Manama (Arabic: المنامة, transliteration: al-Manāma) is the capital and the largest city in Bahrain with an approximate population of 155,000 people.
Manama has emerged as the capital of independent Bahrain after periods of domination by Portugal and Persia earlier in its history. Today, it is a modern capital with an economy based on the sales promotion industry as crude oil takes a less pronounced role in the economy.
Because of its thriving economy, a Danish firm has proposed a skyscraper that would be over 1 km (3,281 ft) high, called the Murjan Tower. Currently only a concept, if built it would be the world's highest man-made structure, even surpassing the super tall Burj Dubai skyscraper, although it would be shorter than the Nakheel Tower in Dubai if both are built.
The city is located in the far north-eastern corner of Bahrain on a small peninsula. The city obtains a pleasant and a reasonable waterfront. As in the rest of Bahrain, the land is generally flat (or gently rolling) and arid. Manama is served by Bahrain International Airport.
Manama is the focal point of the Bahraini economy. While oil has decreased in importance in recent years due to depleting reserves, petroleum is still the mainstay of the economy, while heavy industry (e.g. aluminum smelting, ship repair), banking and finance, and tourism are increasing in importance. Several multinationals have facilities and offices in and around Manama. The economic base for Manama itself is financial services, with over two hundred financial institutions and banks based in the CBD and the Diplomatic Area. There is also a large retail sector in the shopping malls around Seef, while the center of Manama is dominated by small workshops and traders.
Bahrain is not fully Islamic and Arabic. The country attracts a large number of foreigners and foreign influences, with just under one third of the population hailing from abroad. Alcohol is legal in the country, with bars and nightclubs operating in the city. Football is a popular sport, with three teams from Manama participating in the Bahraini Premier League.
Manama was mentioned in Islamic chronicles at least as far back as 1345. It was conquered by Portugal in 1521 and then by Persia in 1602. Since  it has been under the control of Al-Khalifa dynasty. Manama was declared as a free port in 1958, and in 1971 it became the capital of independent Bahrain.

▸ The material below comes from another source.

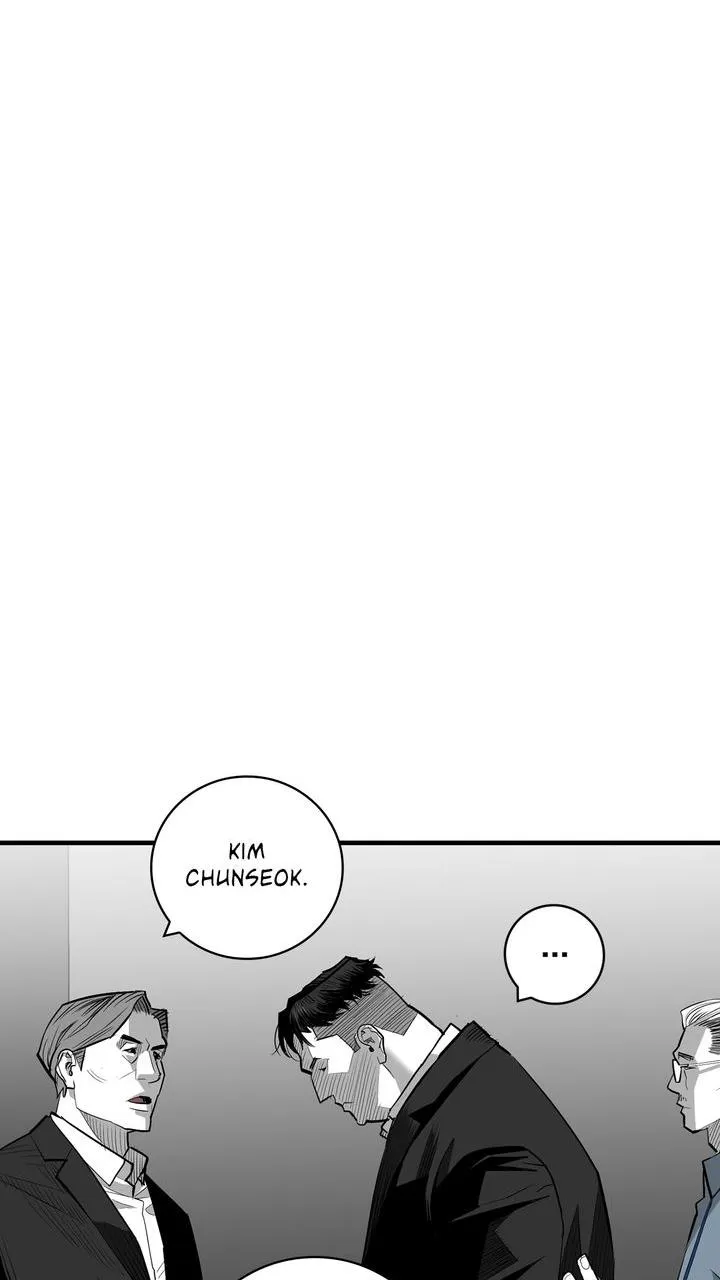 Read Plaza-Wars (en) Manga Online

The north of Bahrain’s main island which is dominated by Manama today has seen human activity for roughly 5,000 years, as is indicated from the remains around Bahrain Fort. The Dilmun Civilizations made this area their capital, burying their dead farther south at the tombs of A'ali. The islanders were soon, however, disturbed by a series of invaders that arrived here by sea, beginning with the Assyrians during the BC period and ending with the Arabs.
During these many centuries Dilmun, as it was first known before its name was changed many times by each new invading power, was a trading post whose importance fluctuated depending on the dominant empire. Manama and its inhabitants first discovered Islam during the 7th century and by the 9th century began to lean to a more conservative almost socialist belief system that caused considerable friction with the surrounding Muslim lands.
The next major foreign intervention in Bahrain came at the beginning of the 1500s when the Portuguese naval fleets arrived, quickly crushing the small local population in Manama and the surrounding areas. Bahrain Fort was built during this era, probably to keep out the Persians who nevertheless managed a series of invasions as the whole island swapped hands between the Portuguese, Persians and Omanis for the proceeding two centuries.
Once the Persians eventually triumphed, it wasn’t long before the appearance of Al Khalifa family from nowhere , or at least from nearby Qatar, to take control of the whole island at the end of the 18th century. The new rulers, whose dynasty continues to this day, sought protection against the Persians from the now dominant, empire-building British as Manama entered a period of colonialism that increased by the time, not least when oil was discovered 30 km (19 mi) south in the centre of the island and first extracted in 1931. After World War II, Bahrain moved slowly towards independence and eventually in 1971, the British pulled out leaving Manama in charge of its own affairs. This was the beginning of a period that has seen its growth and flourish mainly thanks to considerable wealth accumulated through oil production and processing.